16 thoughts on “A broke girl’s guide to sustainable and ethical fashion”

    • I think 90% of my closet is secondhand, too! I totally agree – so many used clothes are perfectly wearable, cute, and affordable. Thanks Ayana!

  • Hey! Great post! I think its really important that we inform people that ethical doesnt mean expensive! And also that it doesnt mean throw out every you already own! Thanks for this post its great, I will post it on my FB page if you dont mind?

    • Yes, absolutely! I think lots of people beginning to explore ethical fashion think they must start with a clean slate, but it’s so much more sustainable to treasure everything we own…even if it wasn’t ethically made. I would love it if you shared. Thanks for reading, Lyndsey!

  • I LOVE your point about trends. It’s easy to start thinking that ALL trends are bad, but that’s not the case – it’s all about moderation and intentionality. Trends are fine as a concept, just not as many as fast fashion companies want us to buy into. Great post! xo

    • Yes, so true – trends can help refresh your style but there’s a balance between finding inspiration and just following trends for the sake of being trendy. Thanks for reading, Amy!

  • Thank you so much for this post. I first became aware of the problems with fast fashion with a documentary – I’m blanking on the name. It can be challenging to only buy sustainable, but i like that you gave real options.

    • Was it “The True Cost”? I think that’s the one everyone has seen but I actually haven’t seen it! I’m glad this post was helpful. Thanks for reading, Nicole!

  • I think learning to care for items and buy items that can be mended or repaired (i.e. shoes that can be re-soled or handbags that can be re-lined) is such a lost notion for our generation. Everyone wants to replace it with something new. I love finding pieces that I love so much I want to keep for forever.
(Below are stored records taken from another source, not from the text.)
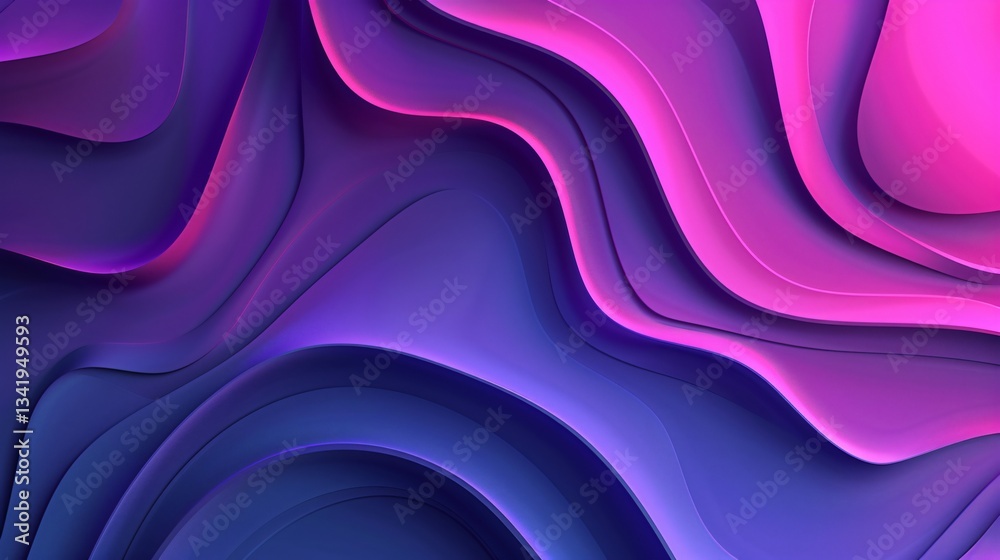 Obraz premium Abstract background with pink and blue shapes, fluid curves and curved lines. Modern wallpaper
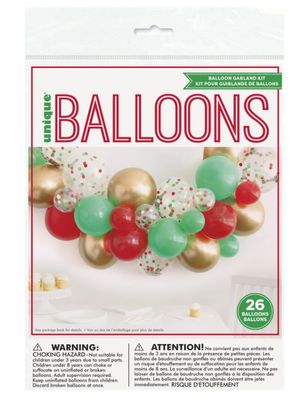 Red  Green &amp; Gold Christmas Confetti &amp; Latex Balloon Arch Kit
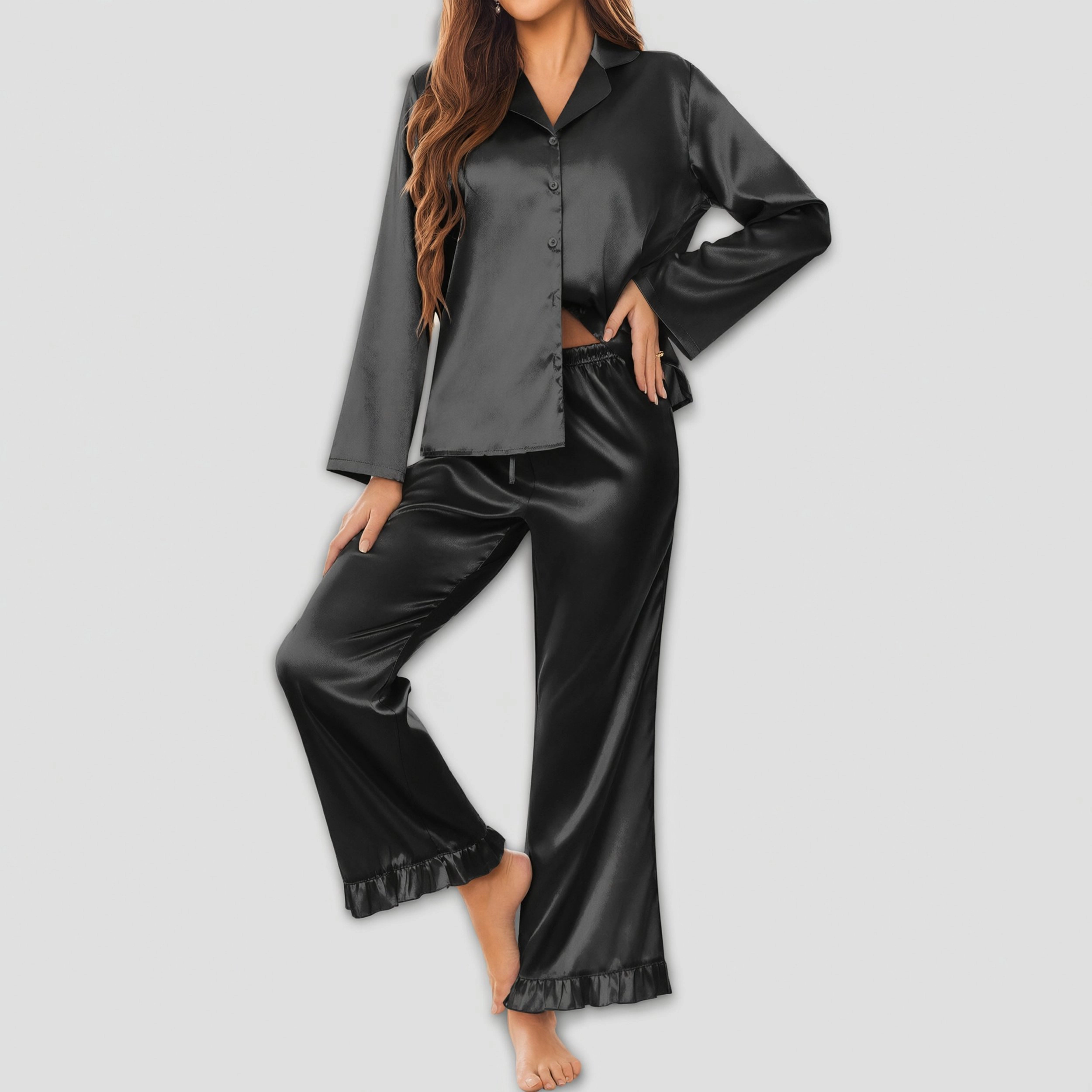 Ekouaer Silk Satin Pajamas Set Womens Long Sleepwear Button Down Two Piece Classic
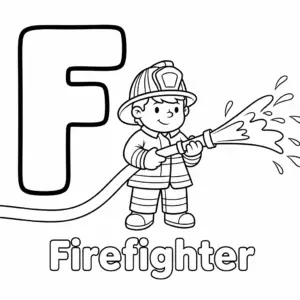 Letter F firefighter coloring page for kids
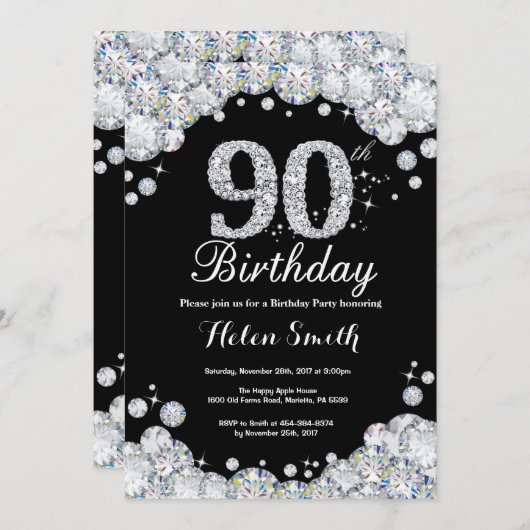 90e anniversaire Invitation Chalkboard Silver Diam (Devant / Derrière)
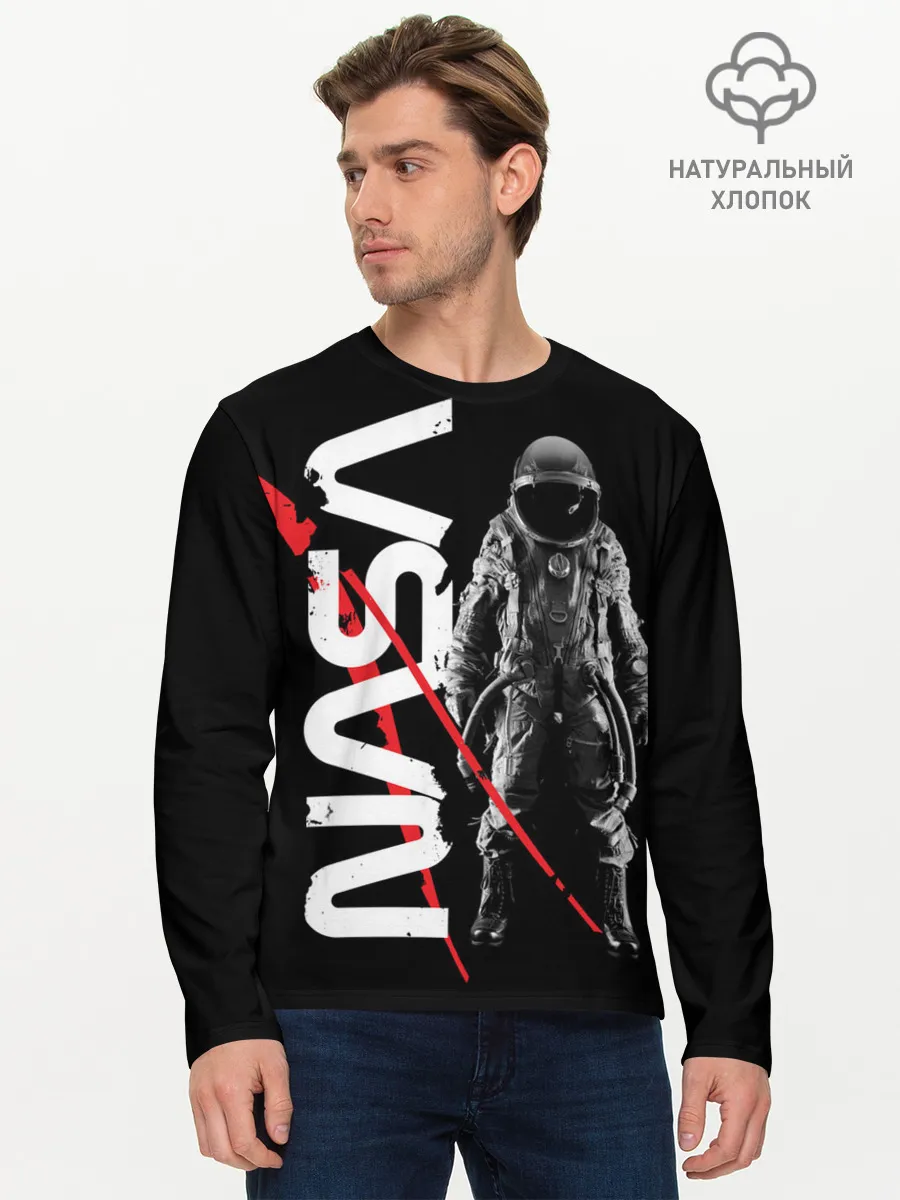 Мужской лонгслив базовый / Nasa austronaut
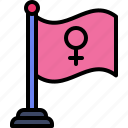 feminism, woman, feminist, women, rights, flag, winner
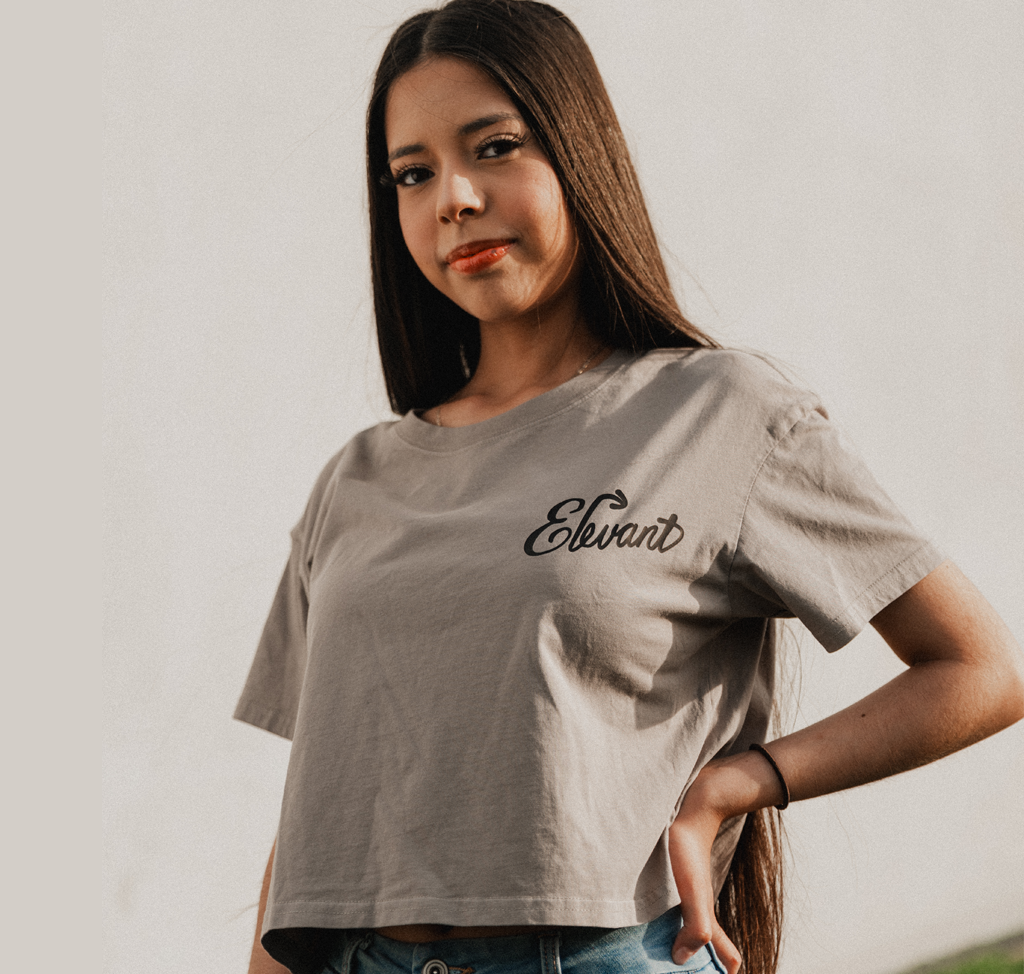 Women’s Motivational Crop Top – “Rise & Go” Graphic Tee in Ecru | ELEVANT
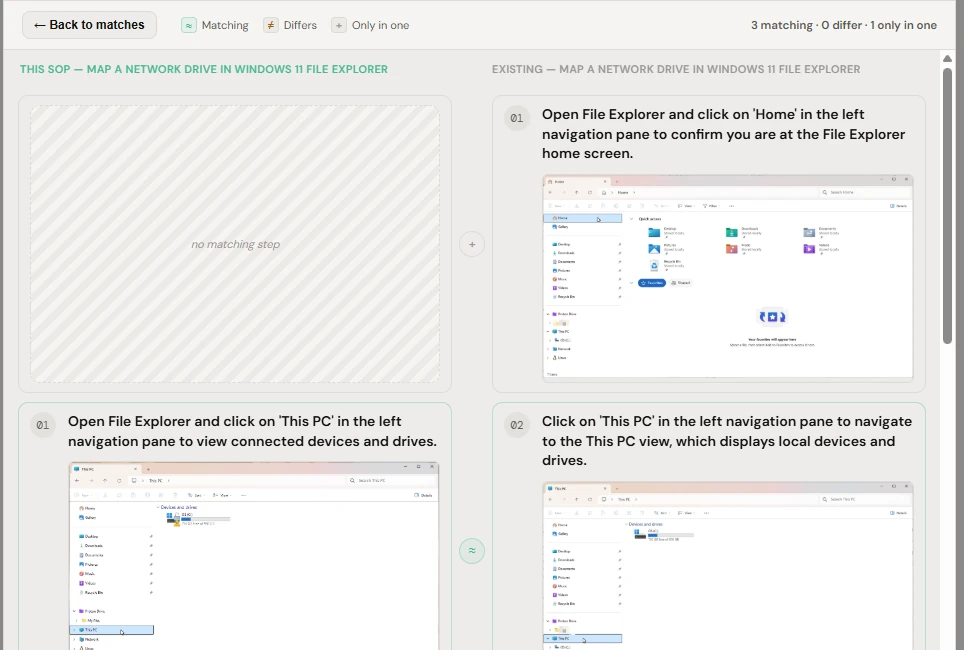 Notavi step-level comparison — matching, differing and only-in-one steps shown side by side before you merge.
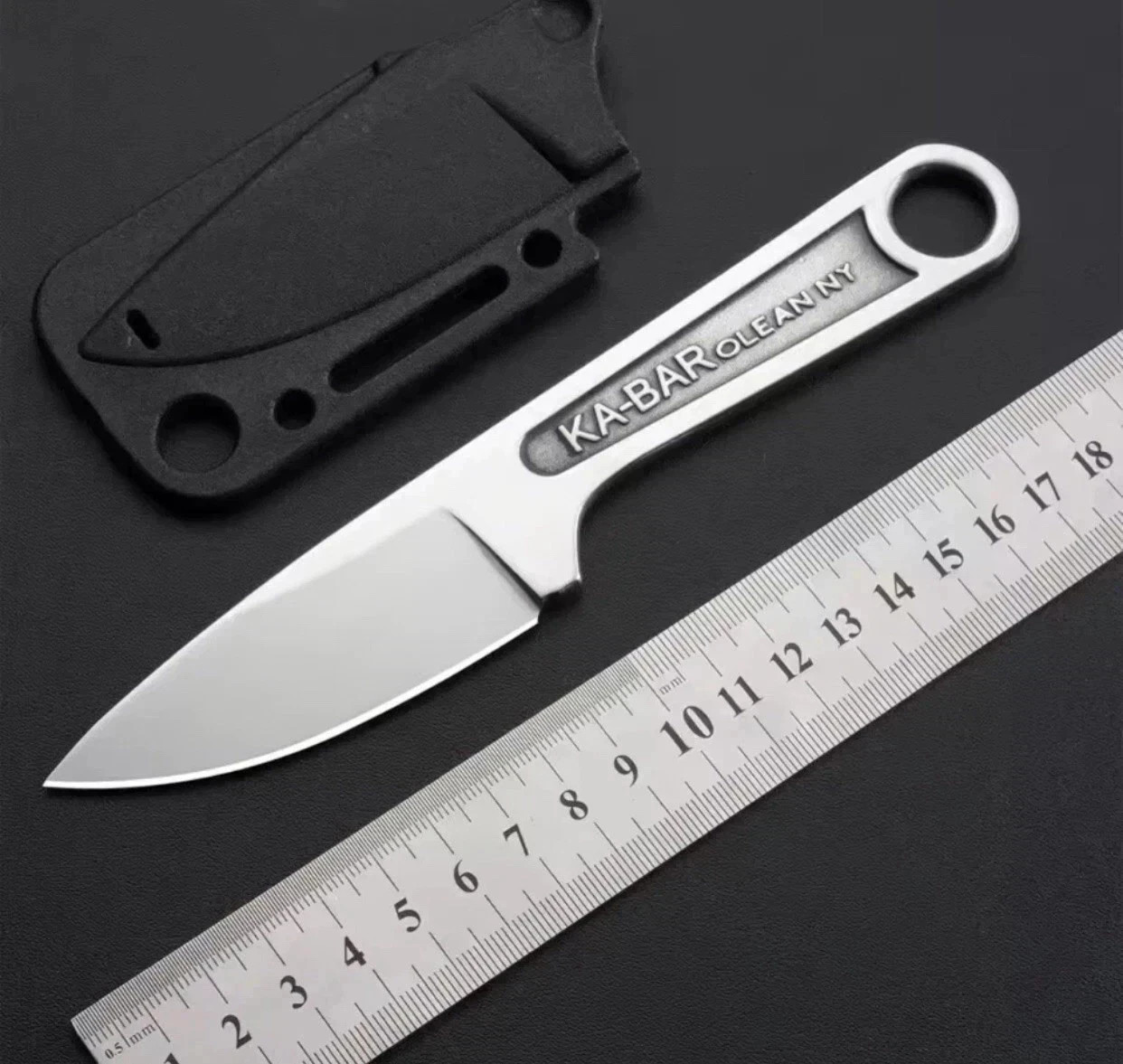 Ka-Bar Wrench Fixed Knife 3" Blade 425 Carbon Steel One Piece. Free Shipping.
And keeping them for forever means having the ability to repair them. I have had my favorite (read: only) pair of tall leather riding boots for 9 years! I plan on trip to the cobbler for new soles every year or two and regularly moisturize the leather with saddle soap at home! Thank you for posting this and opening up the conversation. For as concerned as we are about everything else in life, I feel really strongly that we don’t need to be such a disposable goods minded generation.

    • I totally agree; it shouldn’t cost less to completely replace something than to repair it! I love how you care for your boots…that makes them so much more meaningful. That’s something I would really like to do with the clothes I buy now, too. Thanks for reading, Maria!